BELMONT, Mass. — Dr. Hayk Demoyan, director of the Armenian Genocide Museum-Institute in Yerevan, Armenia, will give a talk titled “The End of the Third Republic? Or, What to Expect for Armenia’s Future,” on Thursday, October 13, at 7:30 p.m., at the National Association for Armenian Studies and Research (NAASR) Center, 395 Concord Ave. The lecture is sponsored by the NAASR/Calouste Gulbenkian Foundation Lecture Series on Contemporary Armenian Issues.
The current situation and recent developments in Armenia show that the country has entered into a new and turbulent period of its history. Internal disturbances and limitations in the realm of foreign policy have brought new challenges for the 25-year-old former Soviet republic. The independence for which the current generation paid a high price of social hardships and endured the Karabagh War now faces fresh challenges and threats. The role of the diaspora in shaping ongoing developments is still unclear since neither Armenia itself nor the diaspora has developed clear-cut formulas for cooperation and the merging of interests.
The evident crises in political, economic, cultural, and ideological spheres, together with continuing emigration and civil unrest, indicate that Armenia is at the threshold of developments which could result either in new political disorders or offer opportunities for innovative state-building strategies. The appearance of a new generation of decision makers in a political arena and business could present an alternative to overcome the existing crises which clearly endanger the very essence of the statehood.
Demoyan is the director of the Armenian Genocide Museum-Institute in Yerevan, Armenia, a position he has held since 2006. From 2011 to 2015 he was the Secretary of the State Commission on Coordination of the events dedicated to the commemoration of the 100th anniversary of the Armenian Genocide.

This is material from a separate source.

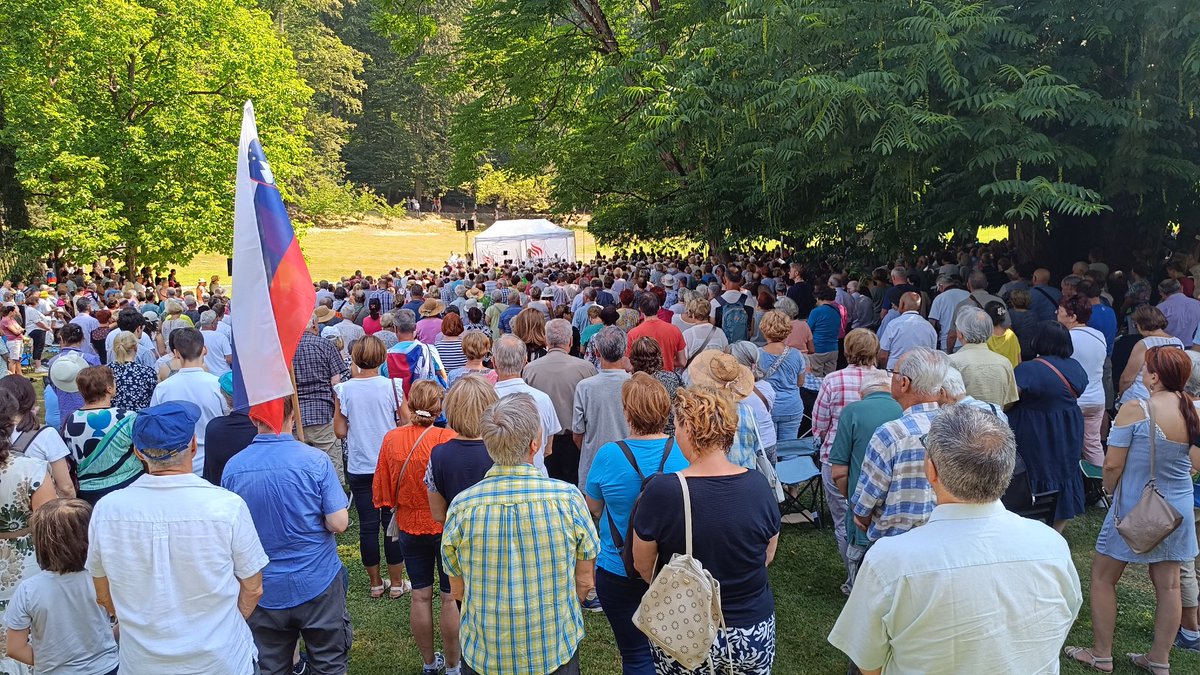 Sveto mašo za domovino v Arboretumu Volčji potok daruje škof Anton Jamnik #prenos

Demoyan is the author of 12 books, including The Armenian Genocide: Front Page Coverage in the World Media (2014, in Armenian, English, Russian, and French), Foreign Policy of Turkey and Karabakh Conflict (2013, in Russian), Armenian Sport and Gymnastics in the Ottoman Empire (2009, in Armenian), and Western Media Coverage of the Nagorno-Karabakh Conflict in 1988-1990 (2008, in English), as well as some 40 academic articles.